É sempre assim. Chega essa época do ano, a cidade fica perua. Luzes, laços, fitas, bolinhas, arranjos – tudo junto, gritando. Reparou, não?

Até tolero esses supershoppings com mania de grandeza; ali a cafonice brilha e ofusca, mas é por uma boa causa: o consumismo desenfreado, claro. O que não pode é ser “meio” cafona. Isso é pra matar. Aqueles estabelecimentos de médio porte, que já não vão lá muito bem das pernas, e resolvem improvisar uma luzinha aqui, um brilhozinho ali – tipo da coisa que, além de não fazer efeito, faz defeito.
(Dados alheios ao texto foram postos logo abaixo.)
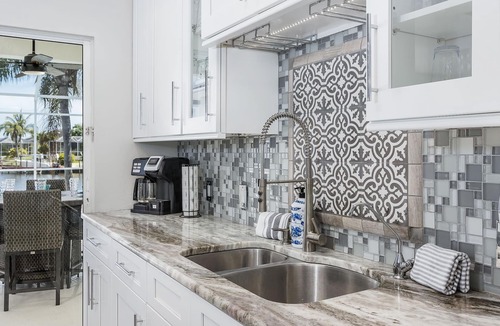 Pelican House | Custom Heated Pool, Intersecting canal views with gulf access! - Villa Sunshine & Unwind - Roelens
Quando chega a noite, o prédio some, e o que se vê é aquela precariedade natalina; mistura de muita boa vontade com pouca grana, você sabe no que dá.
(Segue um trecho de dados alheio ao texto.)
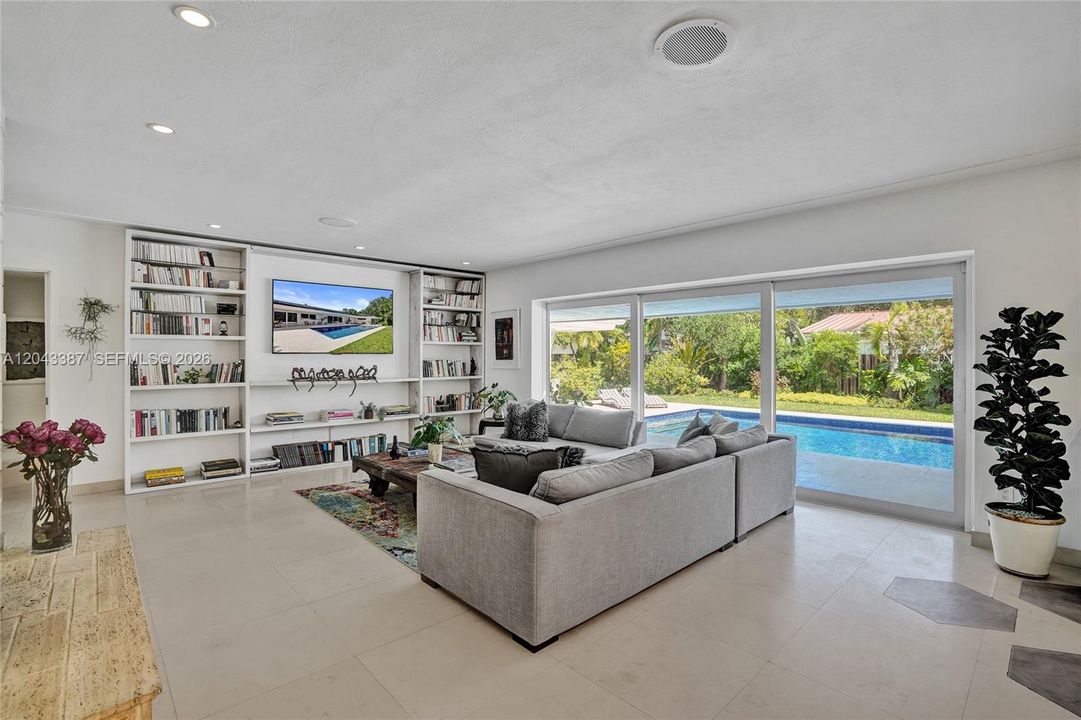En Venta: $1,750,000 (4 camas, 3 baños, 2389 Pies cuadrados)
Eu aqui não providenciei um sino sequer. Mas, a julgar pelo texto, vê-se que estou ficando com inveja.
(Pausa para reflexão).

Comprar umas bolas ali no Carrefour, e já volto.

***

O motivo da cobradora

A cobradora do ônibus - loura mel, penteado equivocado, sobrancelha grossa, unha lascada – ria fora de hora, e ria solto. Quanto é? Ela ria. Quer 20 centavos? Ela ria de novo. Passa no Barrashopping? Ela ria e confirmava, passava.

Sentei dois bancos atrás e fiquei observando, curiosíssima. Chegava a lhe escorrer um doce mistério qualquer pelo meio dos dentes; e sorria, a danada, como se ostentasse uma piscadela cúmplice a si mesma.

Não demora cinco quadras, entra no ônibus um negão de quase dois metros. Afoito e visivelmente alegre, dá dois pulinhos na direção da cobradora e tasca aquele beijo babado de novela; deixa a mulher sufocada e o povo todo besta, olhando. Salta no próximo ponto, a meio quarteirão dali, como se nada tivesse acontecido. Pela porta da frente.

Agora ela ria mais ainda, e o motivo estava bem revelado. Pois o negão trajava bermudas.